Before we get to the second derivatives, let's makes sure we know how
to get the first derivatives. I differentiate in the normal way (ie.
using calculus, applying the chain rule) and then let -nlcom- work out
the standard error for me. Since this is what -mfx- does, I can
compare my answer to that from -mfx-:
clear
sysuse auto
tobit mpg len, ll(20)
sum len
local meanlen=r(mean)
nlcom normden(-((20-(_b[len]*`meanlen'+_b[_cons]))/_b[_se]))
*(_b[len]/_b[_se])
mfx, predict(pr(20,.))
I evaluated the derivative at the mean of length, sicne that is the
default for -mfx-.
The variable length was a continuous variable.
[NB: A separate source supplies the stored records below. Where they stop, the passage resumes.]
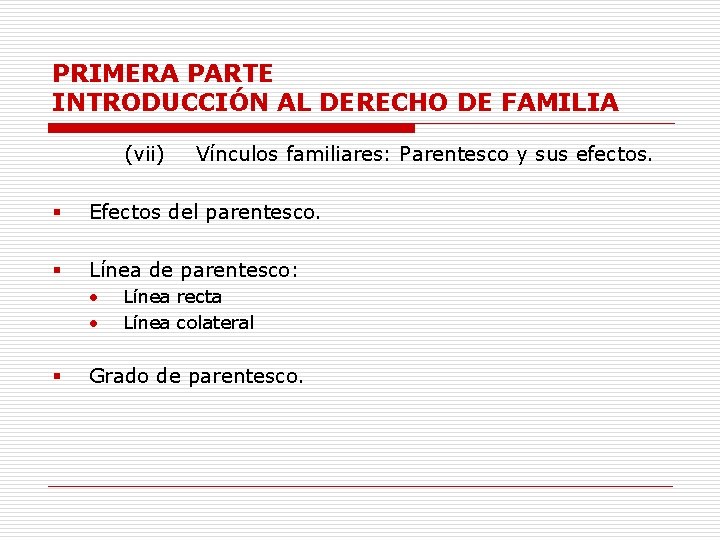 PRIMERA PARTE INTRODUCCIÓN AL DERECHO DE FAMILIA (vii) Vínculos familiares: Parentesco y sus efectos.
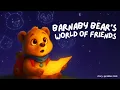 Barnaby Bear s World of Friends Bedtime Story in English Moral Stories for Kids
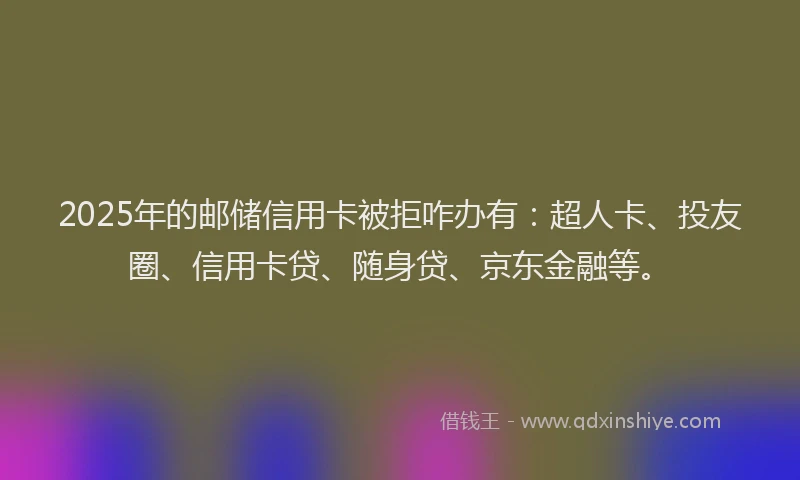 2025年的邮储信用卡被拒咋办有：超人卡、投友圈、信用卡贷、随身贷、京东金融等。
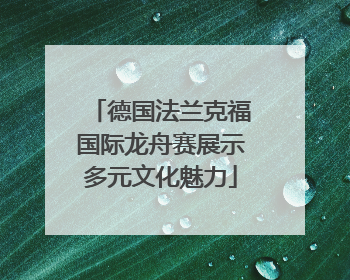 德国法兰克福国际龙舟赛展示多元文化魅力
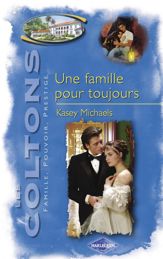 Une famille pour toujours (Saga Les Coltons vol. 12) - 14 Nov 2007
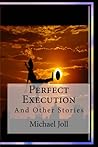 Perfect Execution: And Other Short Stories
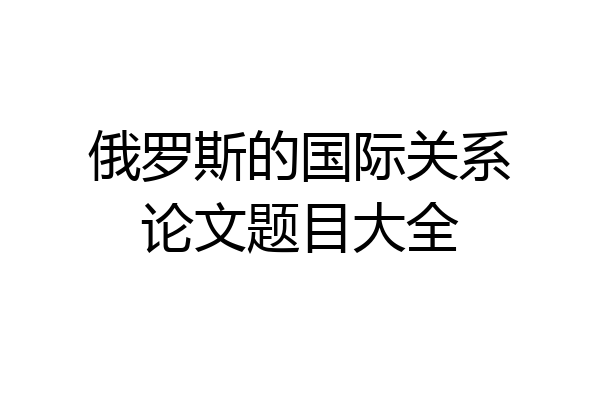 俄罗斯的国际关系论文题目大全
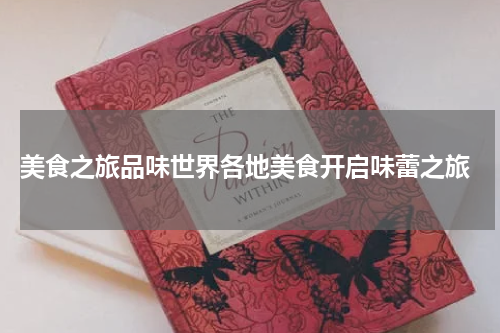  美食之旅品味世界各地美食开启味蕾之旅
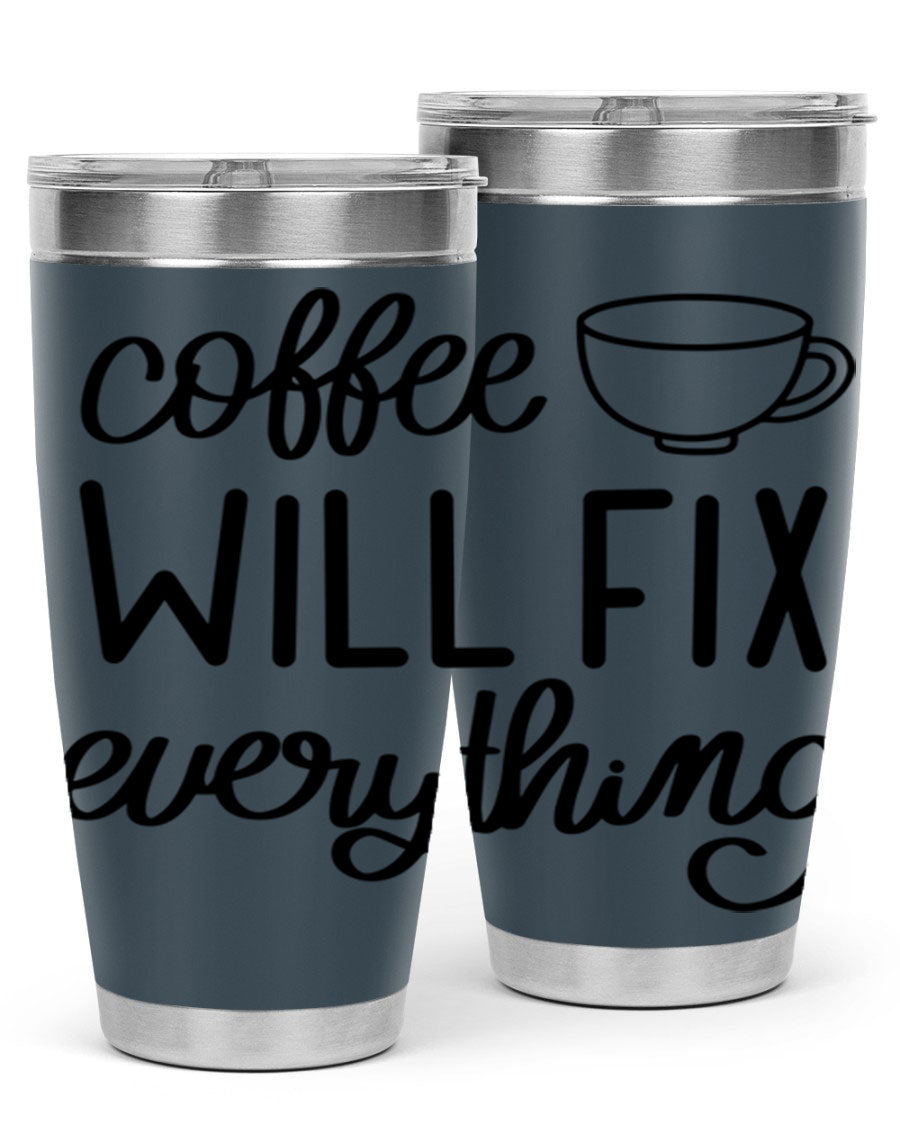 A stylish 'Coffee Will Fix Everything' tumbler in stainless steel, featuring a double wall vacuum design and a drink-thru lid, perfect for hot and cold beverages.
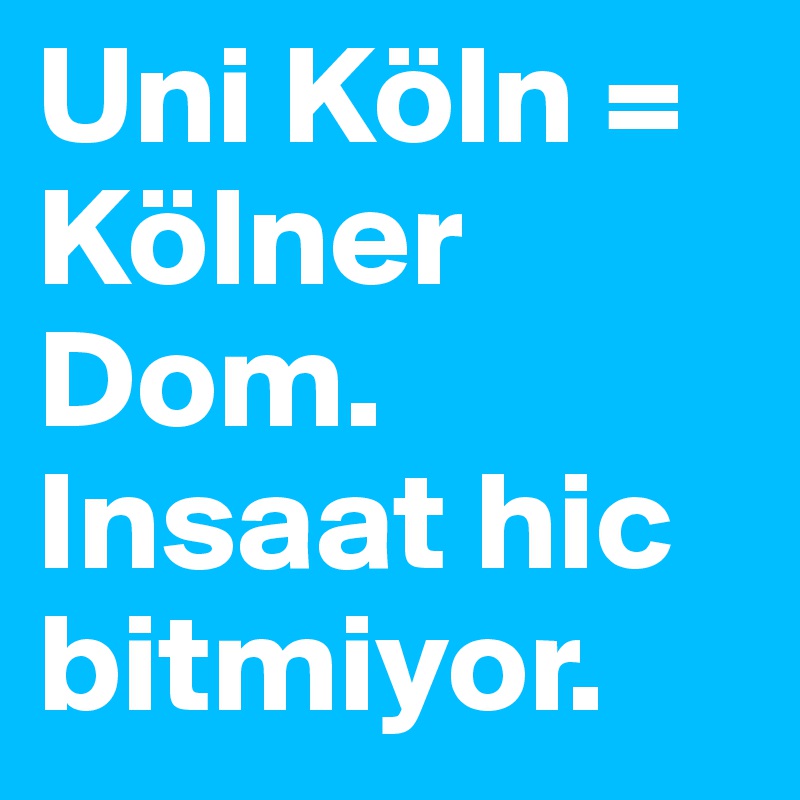 Uni Köln = Kölner Dom. Insaat hic bitmiyor.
If I had used a
dichotomous 0/1 variable, I would not have needed calculus:
I would have subtracted the probability at for=0 from that at for=1.
For an example of calculating the second derivative, I will
interact a continuous variable with a dichotomous variable:
clear
sysuse auto
gen X=for*len
tobit mpg len for X, ll(20)
sum len
local meanlen: di %5.2f r(mean)
local xb1 "_b[len]*`meanlen'+_b[for]*1+_b[X]*`meanlen'*1+_b[_cons]"
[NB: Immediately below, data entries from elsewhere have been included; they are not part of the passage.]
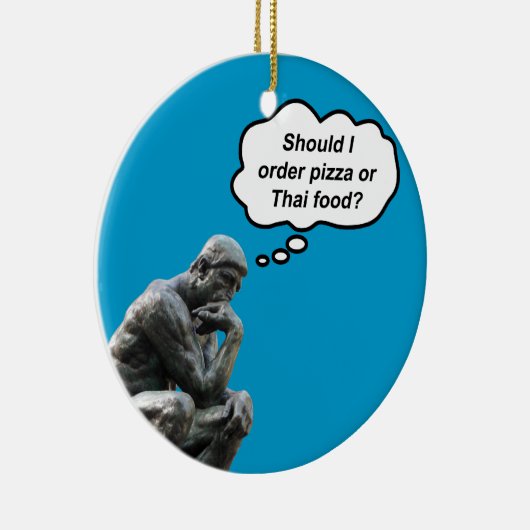 Grappig Rodin Thinker Statue - Pizza of Thai Food? Keramisch Ornament (Rechts)
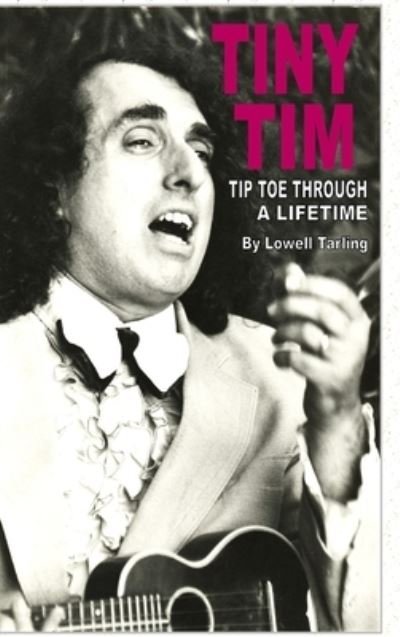 Cover for Lowell Tarling · Tiny Tim Tiptoe Through a Lifetime (Book) (2013)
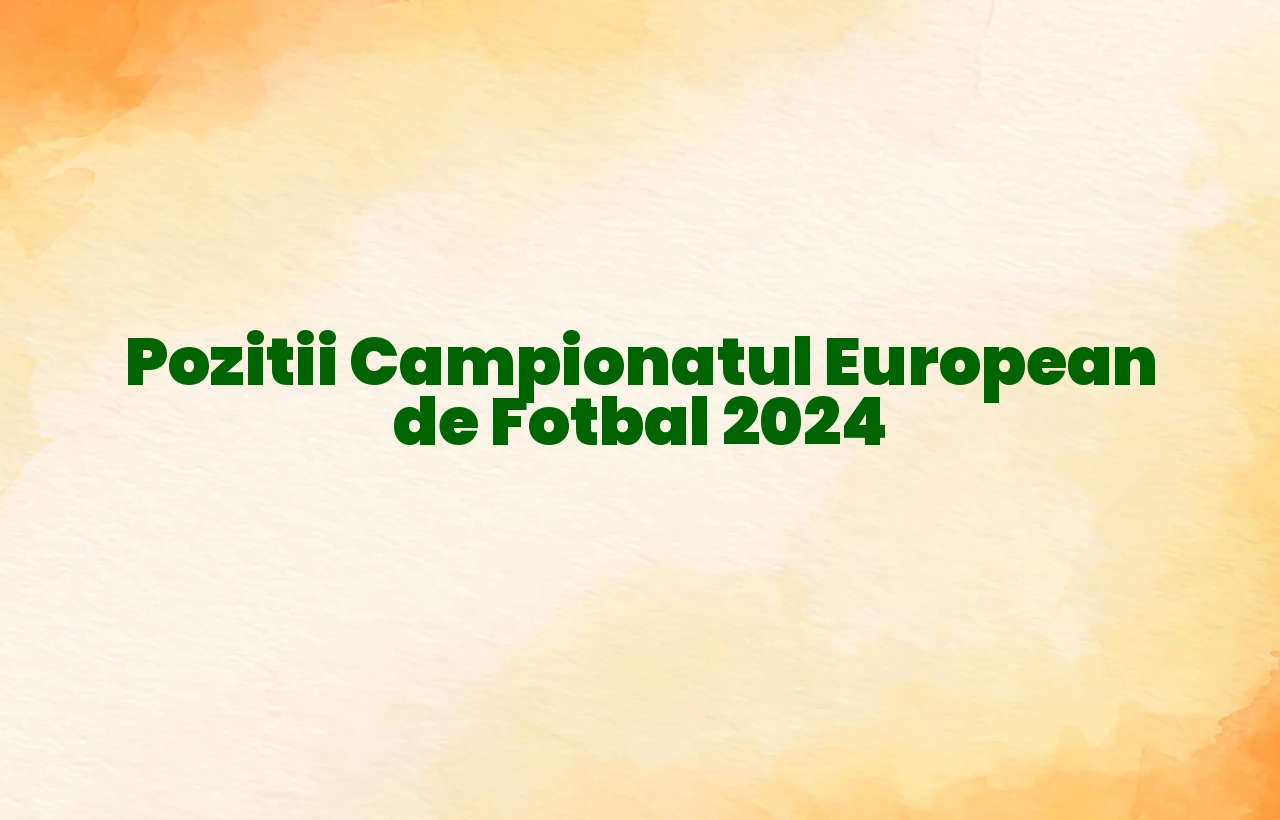 pozitii campionatul european de fotbal 2024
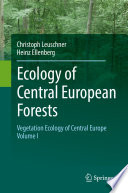 Ecology of Central European Forests Vegetation Ecology of Central Europe, Volume I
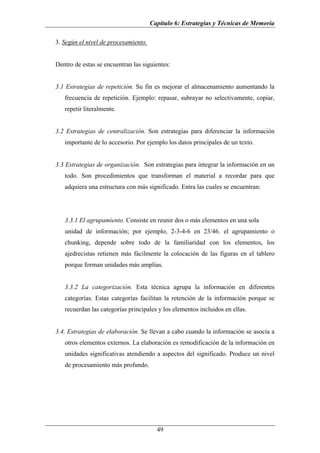 Capítulo 6: Estrategias y Técnicas de Memoria

3. Según el nivel de procesamiento.


Dentro de estas se encuentran las siguientes:


3.1 Estrategias de repetición. Su fin es mejorar el almacenamiento aumentando la
   frecuencia de repetición. Ejemplo: repasar, subrayar no selectivamente, copiar,
   repetir literalmente.


3.2 Estrategias de centralización. Son estrategias para diferenciar la información
   importante de lo accesorio. Por ejemplo los datos principales de un texto.


3.3 Estrategias de organización. Son estrategias para integrar la información en un
   todo. Son procedimientos que transforman el material a recordar para que
   adquiera una estructura con más significado. Entra las cuales se encuentran:




   3.3.1 El agrupamiento. Consiste en reunir dos o más elementos en una sola
   unidad de información; por ejemplo, 2-3-4-6 en 23/46. el agrupamiento o
   chunking, depende sobre todo de la familiaridad con los elementos, los
   ajedrecistas retienen más fácilmente la colocación de las figuras en el tablero
   porque forman unidades más amplias.


   3.3.2 La categorización. Esta técnica agrupa la información en diferentes
   categorías. Estas categorías facilitan la retención de la información porque se
   recuerdan las categorías principales y los elementos incluidos en ellas.


3.4. Estrategias de elaboración. Se llevan a cabo cuando la información se asocia a
   otros elementos externos. La elaboración es remodificación de la información en
   unidades significativas atendiendo a aspectos del significado. Produce un nivel
   de procesamiento más profundo.




                                        49
 
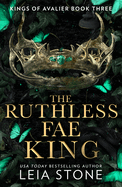 The Ruthless Fae King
local xb0 "_b[len]*`meanlen'+_b[for]*0+_b[X]*`meanlen'*0+_b[_cons]"
nlcom normden(-((20-(`xb1'))/_b[_se]))
*(_b[len]/_b[_se])-normden(-((20-(`xb0'))/_b[_se])) *(_b[len]/_b[_se])
In this example I first took the derivative of norm(-((20-xb)/_b[_se]))
with respect to the continuous variable len to obtain
normden(-((20-(xb))/_b[_se]))*(_b[len]/_b[_se]). I then evaluated it
at for=0 and substracted that from it evaluated at for=1, that is, I
took the discrete difference.
The expression I pass to -nlcom- depends on whether or not I have
a continuous-dichotomous, dichotomous-dichotomous or
continuous-continuous interaction.
-- May
[email protected]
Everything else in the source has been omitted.